Polluted air crosses the placenta and alters the health of the baby

Polluted air crosses the placenta and alters the health of the baby

Scientific studies from Hasselt University demonstrated how the placenta, the newborn and children are affected by environmental contamination suffered by mothers at different times of pregnancy.

From 12 weeks of life, the soot particles that are found as air pollutants are able to pass through the placenta from the mother's side to the fetal side.

Newborn babies suffer from higher blood pressure when the mother during pregnancy was exposed to a higher concentration of air pollution.

At an early age, air pollution also influences in children, the function of the vascular wall.

Studies carried out

Following the results of the studies carried out, the consequences of air pollution on the fetus should be further investigated.

"We know that air pollution is harmful and that soot can be carcinogenic"said Dr. Nawrot, one of the researchers.

During pregnancies, air pollution is linked to premature births and lower birth weight. With this research we want to discover more about how soot particles play a role during pregnancy”He added.

It was found that the placentas studied not only transport nutrients and oxygen to the fetus, but also pollutant particles such as soot.

In the placentas of ten mothers who were exposed to a higher degree of air pollution during pregnancy "we found a higher concentration of soot particles in the placenta”Says the report.

In turn, a higher concentration of soot particles was found on the fetal side of the placenta than on the mother's side. This means that soot particles gradually accumulate on the side of the fetus.

Contamination in the final phase of pregnancy

The study of the transfer of pollutants through the placenta may help to understand the relationship between environmental pollution in mothers during their last three months of pregnancy and increased blood pressure in babies.

Madhloum compared the pressure of babies born around 3 days of age.

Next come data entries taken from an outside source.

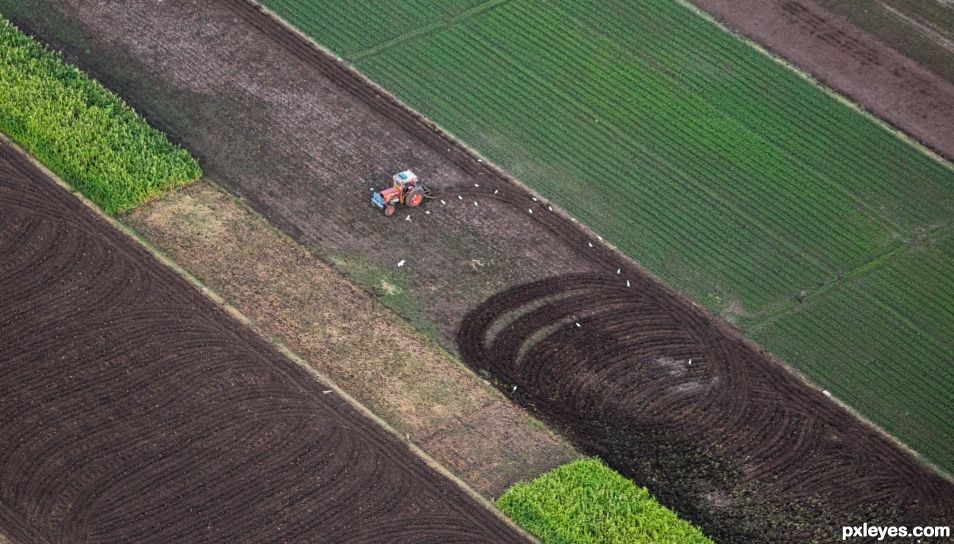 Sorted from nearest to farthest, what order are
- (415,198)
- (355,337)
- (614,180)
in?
(355,337)
(415,198)
(614,180)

In babies of mothers exposed to high levels of contamination during the third trimester of pregnancy, they had "slightly higher blood pressure."

It is not yet clear what consequences this will have for children in their later lives, so the university plans to follow up on this generation of newborns.

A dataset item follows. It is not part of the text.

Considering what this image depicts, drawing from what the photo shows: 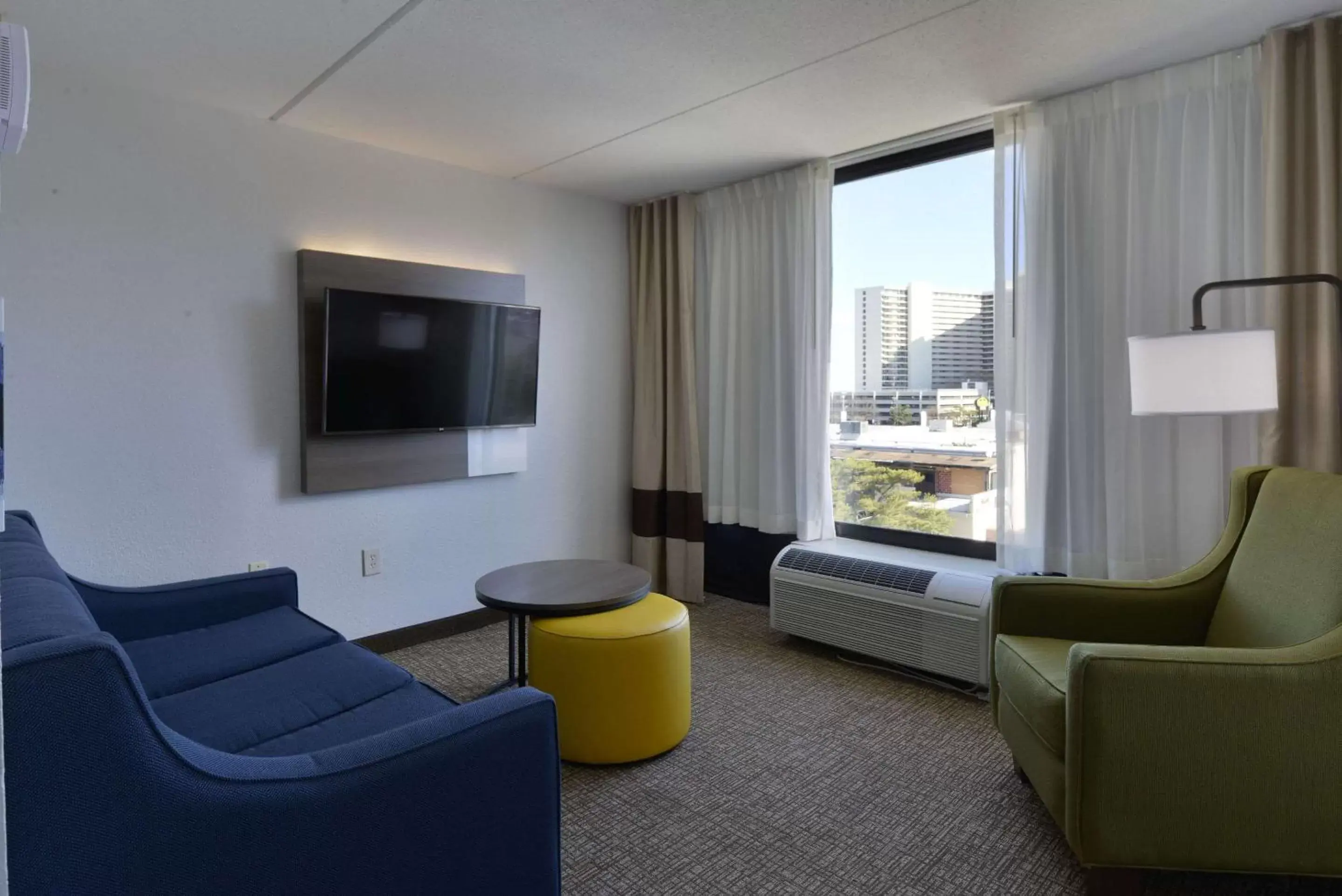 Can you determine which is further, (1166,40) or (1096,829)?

"We know that a small increase in blood pressure of 2-3 mmHg in the general adult population increases the risk of heart attack and stroke by 7 to 10% in the adult population in the long term," said the academic.

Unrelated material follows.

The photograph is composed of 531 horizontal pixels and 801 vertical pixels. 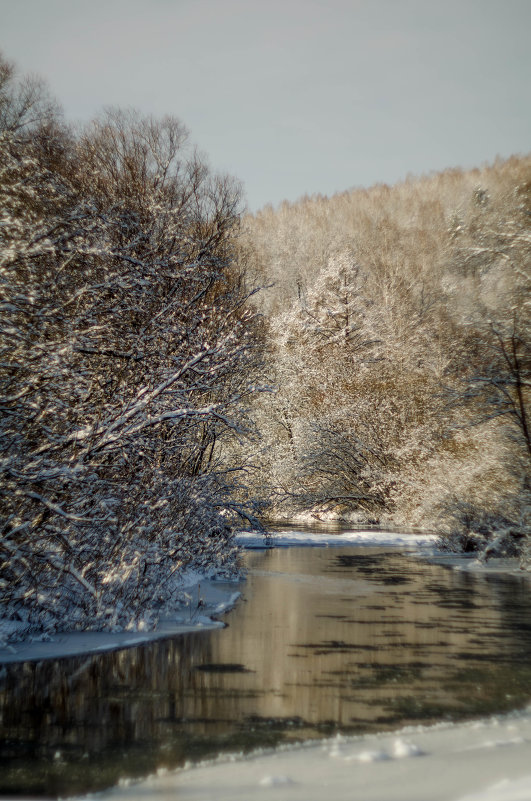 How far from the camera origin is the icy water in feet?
15.8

It is not yet known whether the higher blood pressure seen in the babies of mothers who suffered environmental pollution will cause a temporary change in their bodies or perhaps maintain the affected blood pressure from birth.

"For the first time we show that blood vessels can also be less elastic in 4-year-olds due to the impact of air pollution."

With information from:

Video: Air Pollution is the biggest threat to Unborn baby. Steps to control Air pollution (August 2021).